Understanding Similarity

Overview

When I generate an embedding for "drinking age," the model isn't philosophically understanding what "drinking" means. It learned from millions of texts that:

"drinking," "alcohol," and "beverages" appear together often
"legal age" and "18 years" appear in similar contexts
Certain sentence structures indicate laws or regulations

Meaning in embeddings = statistical patterns of language use, compressed into a direction.

When we say two texts are "semantically similar," we're saying: based on how language is typically used, these texts discuss related concepts and would appear in similar contexts.

It's pattern recognition at massive scale, not philosophical understanding. But it works.

Understanding Similarity Through Geometry

Now that we know how embeddings are created, let's talk about how we compare them:

When two embeddings point in similar directions (small angle), the texts are semantically similar. When they're perpendicular (90°), they're unrelated. When they point opposite directions, they're... opposite in meaning.

Cosine similarity measures the angle between vectors.
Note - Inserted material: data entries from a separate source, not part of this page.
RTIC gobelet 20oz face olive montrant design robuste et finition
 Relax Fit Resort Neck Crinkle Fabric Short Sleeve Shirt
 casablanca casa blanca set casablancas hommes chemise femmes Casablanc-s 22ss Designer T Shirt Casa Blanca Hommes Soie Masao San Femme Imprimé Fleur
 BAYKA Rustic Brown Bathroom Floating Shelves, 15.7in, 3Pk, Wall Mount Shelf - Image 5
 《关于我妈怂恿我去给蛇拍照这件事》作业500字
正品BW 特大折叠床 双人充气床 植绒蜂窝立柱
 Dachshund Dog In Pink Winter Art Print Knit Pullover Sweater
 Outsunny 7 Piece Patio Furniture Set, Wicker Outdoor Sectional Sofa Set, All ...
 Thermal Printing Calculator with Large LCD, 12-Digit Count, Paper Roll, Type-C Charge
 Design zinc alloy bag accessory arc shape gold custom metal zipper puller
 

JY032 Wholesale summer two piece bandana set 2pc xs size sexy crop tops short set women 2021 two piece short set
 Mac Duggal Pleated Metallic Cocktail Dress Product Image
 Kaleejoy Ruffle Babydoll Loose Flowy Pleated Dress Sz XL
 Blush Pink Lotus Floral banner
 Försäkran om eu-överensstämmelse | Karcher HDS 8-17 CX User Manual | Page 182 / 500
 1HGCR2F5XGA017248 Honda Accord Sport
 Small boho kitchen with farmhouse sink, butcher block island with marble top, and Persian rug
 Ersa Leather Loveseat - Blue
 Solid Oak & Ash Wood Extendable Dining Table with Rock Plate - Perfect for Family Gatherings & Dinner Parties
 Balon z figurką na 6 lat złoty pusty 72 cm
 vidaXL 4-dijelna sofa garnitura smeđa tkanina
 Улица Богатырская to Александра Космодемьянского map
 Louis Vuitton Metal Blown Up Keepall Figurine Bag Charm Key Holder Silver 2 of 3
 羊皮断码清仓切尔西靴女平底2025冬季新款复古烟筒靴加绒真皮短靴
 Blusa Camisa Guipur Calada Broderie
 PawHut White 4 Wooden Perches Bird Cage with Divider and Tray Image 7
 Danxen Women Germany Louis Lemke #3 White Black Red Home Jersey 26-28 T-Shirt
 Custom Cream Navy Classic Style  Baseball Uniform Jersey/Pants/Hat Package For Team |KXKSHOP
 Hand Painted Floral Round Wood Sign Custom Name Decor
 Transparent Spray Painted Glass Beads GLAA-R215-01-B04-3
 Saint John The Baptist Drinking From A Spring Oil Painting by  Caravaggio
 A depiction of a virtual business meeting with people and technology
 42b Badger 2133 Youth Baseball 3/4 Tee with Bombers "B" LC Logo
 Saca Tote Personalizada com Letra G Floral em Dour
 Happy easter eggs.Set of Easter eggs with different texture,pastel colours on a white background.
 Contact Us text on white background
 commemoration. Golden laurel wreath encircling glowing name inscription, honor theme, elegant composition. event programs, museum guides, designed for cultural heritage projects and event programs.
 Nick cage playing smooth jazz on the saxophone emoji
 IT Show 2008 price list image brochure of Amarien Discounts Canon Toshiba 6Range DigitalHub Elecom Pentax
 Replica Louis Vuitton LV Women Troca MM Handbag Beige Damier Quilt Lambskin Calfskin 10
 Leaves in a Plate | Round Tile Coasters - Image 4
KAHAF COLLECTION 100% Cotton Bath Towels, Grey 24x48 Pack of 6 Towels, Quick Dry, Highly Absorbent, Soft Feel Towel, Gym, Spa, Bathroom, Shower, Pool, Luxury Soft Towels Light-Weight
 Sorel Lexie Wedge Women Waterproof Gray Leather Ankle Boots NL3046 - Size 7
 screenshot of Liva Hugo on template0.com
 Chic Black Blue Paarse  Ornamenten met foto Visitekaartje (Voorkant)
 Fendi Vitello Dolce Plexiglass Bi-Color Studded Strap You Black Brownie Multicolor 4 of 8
Cosine similarity = 1: vectors point exactly the same direction (identical meaning)
Cosine similarity ≈ 0.8: vectors point nearly the same direction (very similar)
Cosine similarity ≈ 0: vectors are perpendicular (unrelated topics)
Cosine similarity = -1: vectors point opposite directions

AHA! Moment

This is what 'semantic search' means. You're literally finding which documents point in the same direction as your query.

Running the Code

I generated embeddings for my question and all five laws:

// Generate query embedding
const queryEmbedding = await generateEmbedding(question);
console.log("Query embedding length:", queryEmbedding.length); // 384

// Generate law embeddings
const lawEmbeddings = await Promise.all(
  laws.map(async (law) => ({
    id: law.id,
    title: law.title,
    content: law.content,
    embedding: await generateEmbedding(law.content),
  })),
);

Each embedding is 384 numbers. Each number is a coordinate in semantic space. Together, they form a direction.

The One-Line Secret

The math is simple:

A = [1, 2, 3];
B = [2, 3, 4];

// Dot product
A·B = 1*2 + 2*3 + 3*4 = 20

// Magnitudes
||A|| = sqrt(1^2 + 2^2 + 3^2) = sqrt(14)
||B|| = sqrt(2^2 + 3^2 + 4^2) = sqrt(29)

// Cosine similarity
= 20 / (sqrt(14) * sqrt(29)) ≈ 0.9746

So A and B are very similar, they’re almost pointing in the same direction.

Here's the actual similarity calculation:

const dotProduct = law.embedding.reduce(
  (sum, val, index) => sum + val * queryEmbedding[index],
  0,
);

That's it. That's "semantic search."

Because our vectors are normalized (normalize: true), the dot product IS the cosine similarity. We don't even need to calculate magnitudes—they're already length 1.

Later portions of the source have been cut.